Stanford University Computer Systems Colloquium hold live talks throughout the academic year which are open to the public and last Tuesday saw Carey Nachenberg of Symantec and UCLA CS as guest speaker presenting to an audience of mixed backgrounds and levels of experience with ‘Deep Learning for Dummies’.
The aim of the talk was to give a high level idea of what deep learning is, starting from machine learning and decision trees and how deep learning figures things out automatically.
The roadmap of this talk starts from the Ising model (Wilhelm Lenz) from 1922 which studied lattice models of atoms and the correlation (weight) between the behaviour of atoms and how pairs of atoms can be aligned so will flip depending on the correlation or anti correlation of energy between them and closely aligned atoms exhibit similar behaviour. Nachenberg demonstrates the building of a histogram with the possible outcomes of atom flips (up or down) in a system of three atoms and how the histogram allows you to then work out the probability of a certain outcome appearing and then goes on to 3d models and the building blocks of deep learning and deep neural networks.
Nachenberg goes on to talk about the work of Geoffrey Hinton and Terry Sejnowski who together pioneered the application of learning algorithms in speech and vision and talks about their experimentation in the 1980s with the Ising model (Restricted Boltzmann Machines (RBMs)).
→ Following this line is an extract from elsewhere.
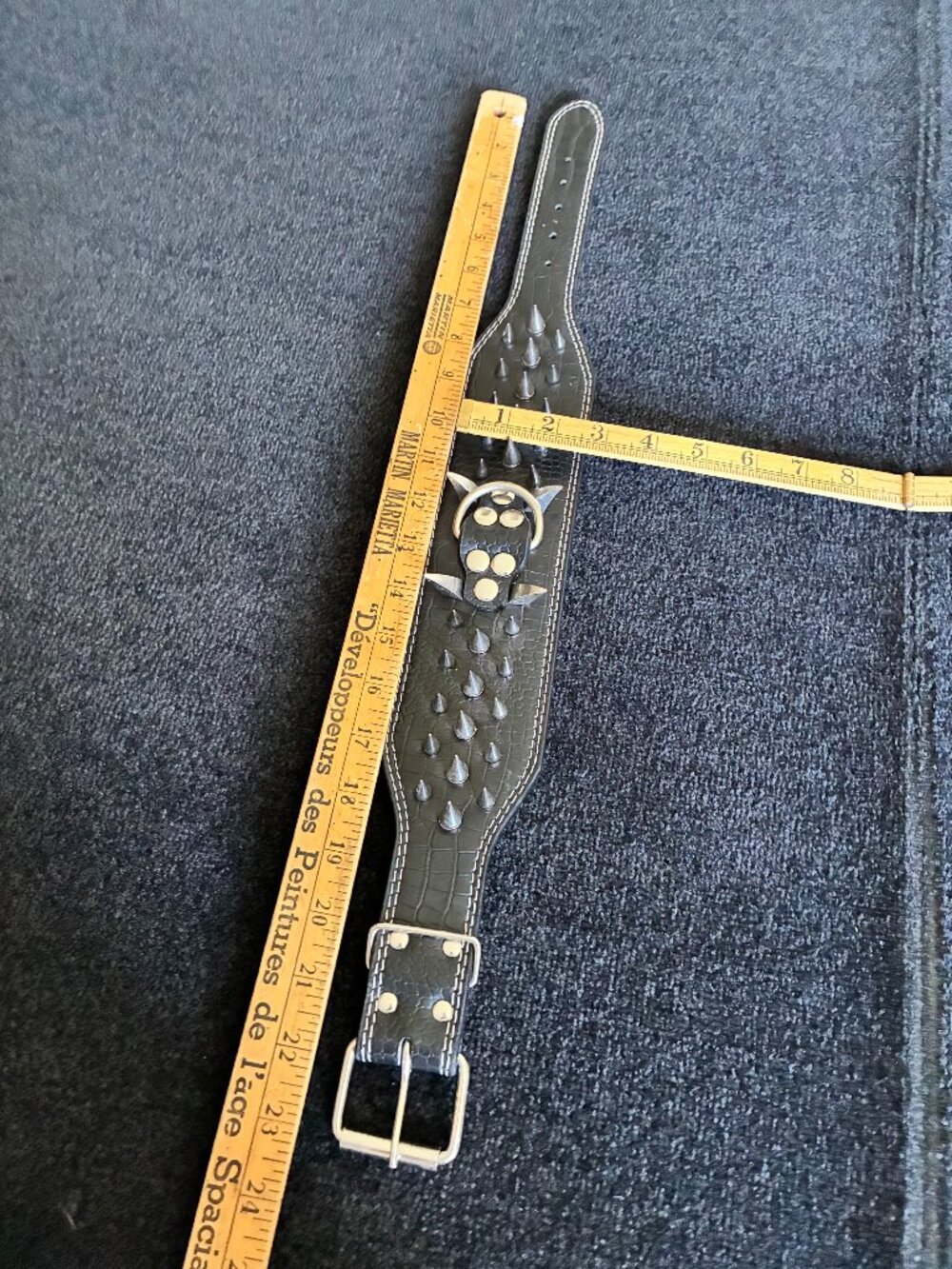 Leather dog collar - black - Collier en cuir noir pour chien avec des pics. - Picture 2 of 3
Hinton and Sejnowski’s work centred around teaching these networks to encode a memory using a gradient descent algorithm and this talk also looks into what is happening to the correlation between atoms in examples during the gradient descent algorithm.
The eureka part of the talk for deep learning as we know it is how the gradient descent algorithm recognises the same atoms that are in the ‘on’ state across multiple images from training images and how the regularities are key in a network reconstructing training data in order to identify images.